# Property management business?.. Opinions sought..



## acorey (Jan 16, 2012)

Hi Folks, 

Having completed the process of obtaining my Portuguese ID and Passport, they are now burning a hole in my pocket... I wold love to go live in Portugal for a while.. Unfortunately, I am not independently wealthy or retired yet, so if I went, I would need to work. 

I have scoured this site and others and it seems to me that there might be some demand for responsible, English speaking, property management in areas with large expat populations in Portugal. I would appreciate input on this notion.

My background is in project management and coordination of themed/scenic fabrication. Translation- I build weird stuff for theme parks and casinos. Also I work on more engineering related projects and do some design work. I really am a jack of all trades. Opinions on how to make this experience translate to gainful employment in Portugal is welcome...

I know the economy is really tough in PT right now so maybe the best thing is to wait it out.. But I really am chomping at the bit.. 
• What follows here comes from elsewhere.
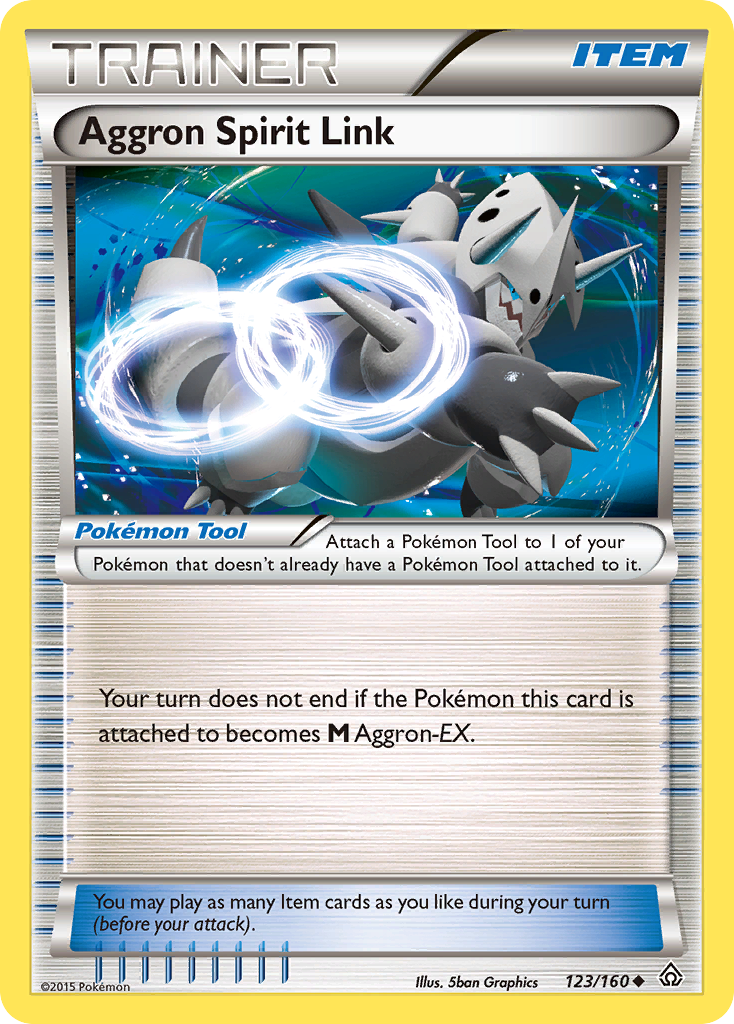 Aggron Spirit Link (123/160) [XY: Primal Clash] | Dragon's Lair Comics and Fantasy Houston TX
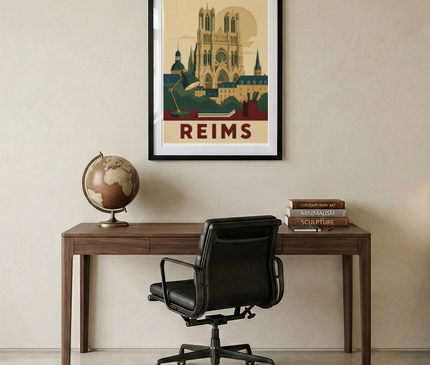 affiche reims décoration bureau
Thanks in advance for your thoughts.


----------



## canoeman (Mar 3, 2011)

I think you'd find it tough going as you would be up against established people, businesses offering same or similar and for Portugal there's really only sufficient density of people possibly requiring service in the Algarve.
What about trying your theme park skills in UK more opportunity


----------



## acorey (Jan 16, 2012)

Working on that too.


----------



## Sonho (Jan 1, 2008)

Property management firms are a dime a dozen in the Algarve. Some are good, and some are horrendous. To make a living at it is possible, but you would need to build a clientele and that will take time. It is also very cost competitive.


----------



## Iadkc (Sep 9, 2012)

*Uk companies*

Why not contact one of the many UK companies that work in the Algarve?
Best of luck.


----------



## Ingles (Feb 2, 2009)

Been there , done it & still have the scar's
Never ever again.


----------